A Novel Electrocardiographic T-Wave Measurement (Tp-Te Interval) as a Predictor of Heart Abnormalities in Hypertension: A New Opportunity for First-Line Electrocardiographic Evaluation.

J Clin Hypertens (Greenwich) 2015 Jun 13;17(6):441-9. Epub 2015 Mar 13.

Division of Cardiology, Department of Clinical and Molecular Medicine Faculty of Medicine and Psychology, Sant'Andrea Hospital, University of Rome Sapienza, Rome, Italy.
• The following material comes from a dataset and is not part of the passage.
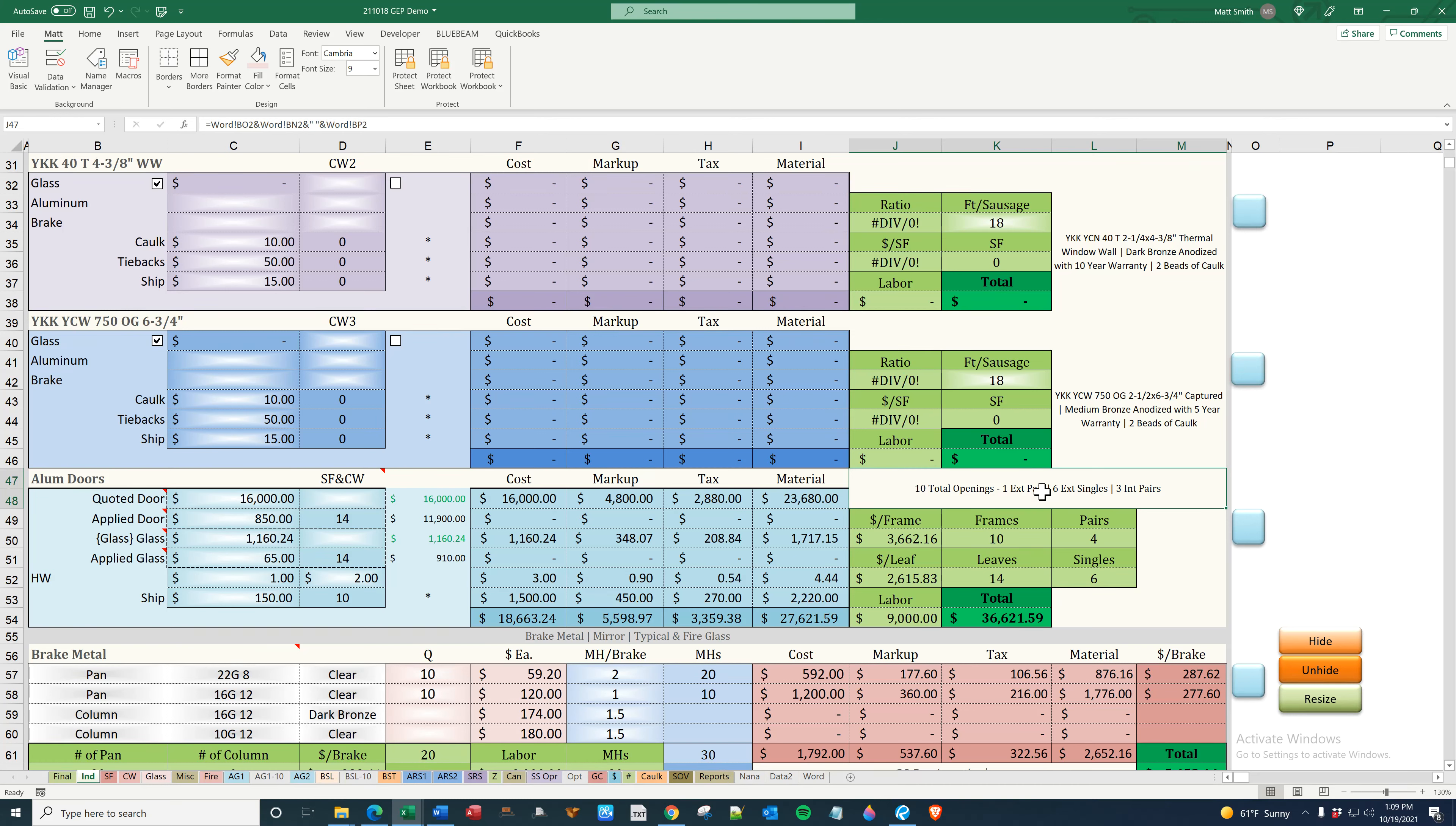In the end, the GC does not really care whether or not the door is going into storefront or curtain wall. That's basically the idea. He wants to know how many he's going through and checking your scope. He goes, all right, he has, he needs one exterior pair and this amount of singles, or he might just look at 10 total openings and say all right, it's good to go and then moves on.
The aim of the study was to evaluate the role of conventional and new markers of early cardiac organ damage (OD) on 12-lead electrocardiography (ECG) in 25 outpatients with newly diagnosed untreated essential hypertension compared with 15 normotensive, otherwise healthy individuals. Each participant underwent ECG, echocardiographic, and blood pressure (BP) measurements. Conventional and new ECG indexes for cardiac OD (Tp-Te interval, ventricular activation time, and P-wave analysis) were also measured. Clinic and 24-hour ambulatory BP levels as well as left ventricular mass indexes were significantly higher in hypertensive than in normotensive patients. No significant differences were found between the two groups for ECG and echocardiographic markers of OD. Only Tp-Te interval was higher in hypertensive than in normotensive individuals (3.06 mm vs 2.24 mm; P<.0001), even after adjustment for anthropometric and clinical parameters. Preliminary results of this study demonstrated prolonged Tp-Te interval in newly diagnosed, untreated hypertensive outpatients compared with normotensive individuals.